## SUPPLIED DATA
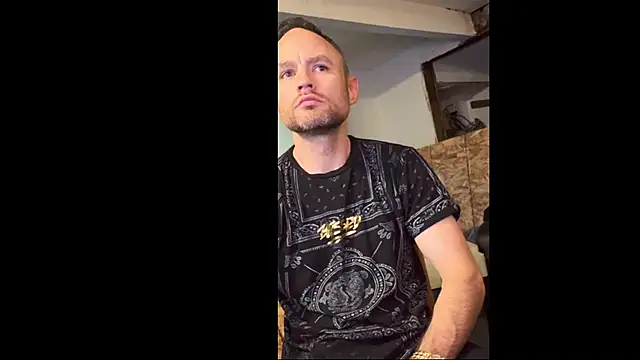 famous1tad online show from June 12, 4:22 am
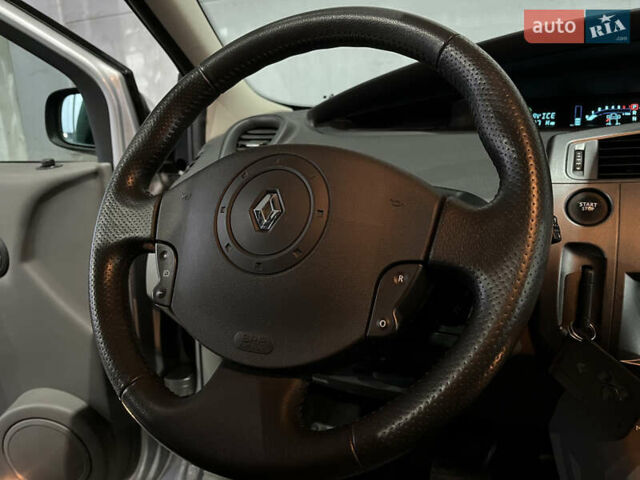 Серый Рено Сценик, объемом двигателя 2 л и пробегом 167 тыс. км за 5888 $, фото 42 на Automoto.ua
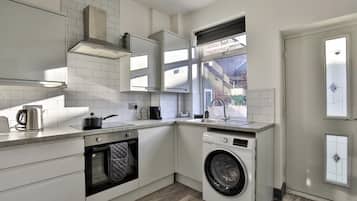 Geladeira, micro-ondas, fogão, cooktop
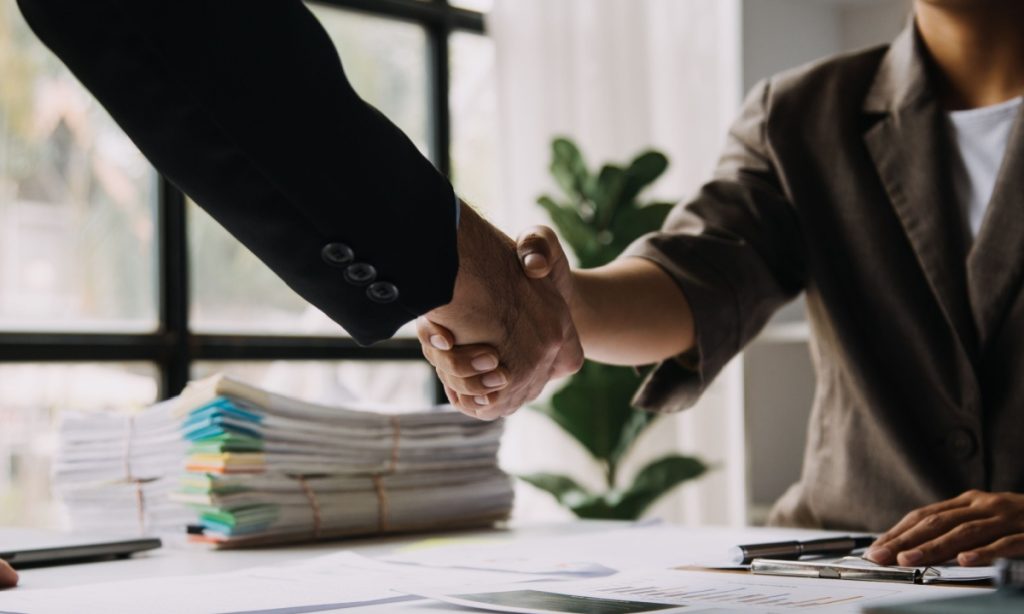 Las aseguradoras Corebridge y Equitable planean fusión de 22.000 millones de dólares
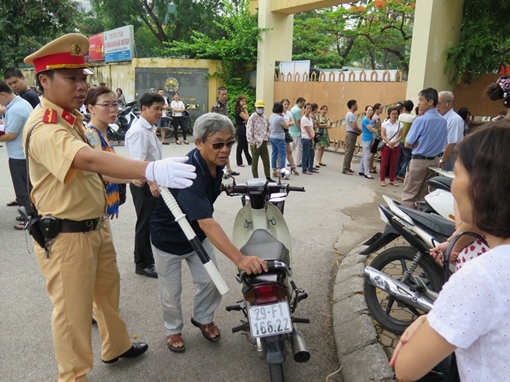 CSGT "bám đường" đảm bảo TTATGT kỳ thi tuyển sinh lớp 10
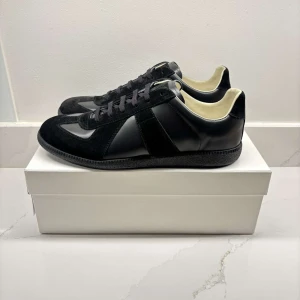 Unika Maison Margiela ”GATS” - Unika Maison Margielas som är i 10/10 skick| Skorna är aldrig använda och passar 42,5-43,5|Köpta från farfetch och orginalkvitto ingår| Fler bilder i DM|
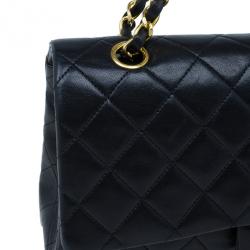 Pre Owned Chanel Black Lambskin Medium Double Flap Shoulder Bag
==
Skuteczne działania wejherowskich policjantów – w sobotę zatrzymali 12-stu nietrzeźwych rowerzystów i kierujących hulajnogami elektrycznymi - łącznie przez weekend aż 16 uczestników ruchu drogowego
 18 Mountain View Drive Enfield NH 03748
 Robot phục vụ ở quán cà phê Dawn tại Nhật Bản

## YOUR TASK
From the records above, copy exactly the lines starting at the one with "Geladeira, micro-ondas, fogão, cooktop" and ending at the one with "sinh lớp 10", and no others. Pictures stay out.

## WORKED SOLUTION
 Geladeira, micro-ondas, fogão, cooktop
 Las aseguradoras Corebridge y Equitable planean fusión de 22.000 millones de dólares
 CSGT "bám đường" đảm bảo TTATGT kỳ thi tuyển sinh lớp 10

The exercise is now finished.